A color and a marker or number identifies each workstation and its related equipment. The circulation path is depicted through floor and wall treatments for both the individual flows of each workstation and the overall unidirectional flow through the suite.

These visual cues produce a hierarchy, laying out movement patterns and distinguishing different process components, making it easy for operators to navigate the space. These planning and visual concepts are complementary, working together to reduce risk, improve efficiency, provide a more stimulating work environment, and allow employees on the outside of the suite to view the workspace.

Showcasing a vibrant and healthy culture

These process-oriented design considerations within the manufacturing space, along with strategic visual connections to adjacent areas of the facility, allow workers inside and outside the manufacturing suite celebrate the science and culture of the facility

Architects strive to design seamless environments, and some of the most beautiful and functional architectural and design approaches come from this type of boundary blurring.
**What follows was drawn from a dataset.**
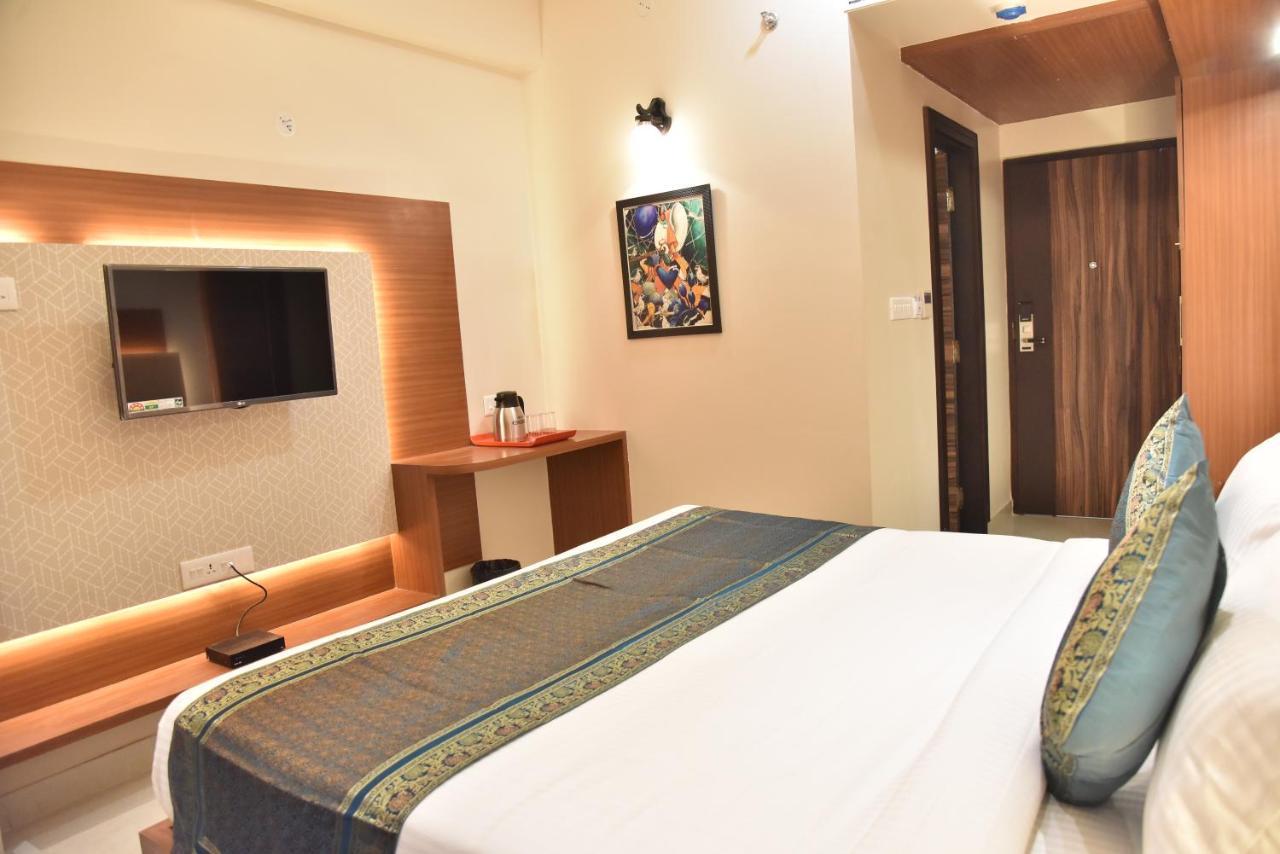 Hotel Rk Grand Varanasi Luaran gambar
This design of a manufacturing facility is an extension of that through attention to materials, colors, graphics, and process-based spatial planning.

Ultimately, this creates a more functional space operators want to inhabit.

 

How can you use wayfinding and other design elements to improve your facility?

Wayfinding isn’t just an option for facilities that use one modality or produce one type of product; it works well in a multi-product or multi-modal facility with different manufacturing processes under one roof that have shared functions. In this case, it can reinforce the necessary segregation and control while balancing flexibility and access to those shared functions. Wayfinding can also be applied at the whole facility level.

Here are a few ways you can begin implementing wayfinding in your existing or future facility.

  • Consider a non-traditional cleanroom design: Look for opportunities to expand from normative cleanroom design. With a good understanding of the process, consider how you can de-risk manufacturing using design strategies.
  • Find a design partner who understands your work: Partner with a team that not only understands the parameters and risks of your process, but can explore the creative design of an elegant, compliant, and efficient solution.
  • Design for flexibility: Partnering with process architects who have designed with flexibility in mind allows you to anticipate new technology and processes, including those that are closed and automated.
  • Explore alternative materials: We’ve seen projects where the quality group of the company has tested proposed materials to ensure they’re appropriate for cleanroom use and integrating those elements to be integrated into the design.
  • Begin these discussions early: Figuring this out as early as possible will set you up for success. Applying these strategies during production of clinical material will define the process and organize the facility to meet the contingencies of scaling to commercial production, including regulatory compliance.

Like a driver in a rush to get somewhere important, ATMP manufacturers want to get their therapies to patients as quickly as possible. To make this happen, they need to do the upfront planning to ensure their products get from the bedside to the facility and back again safely.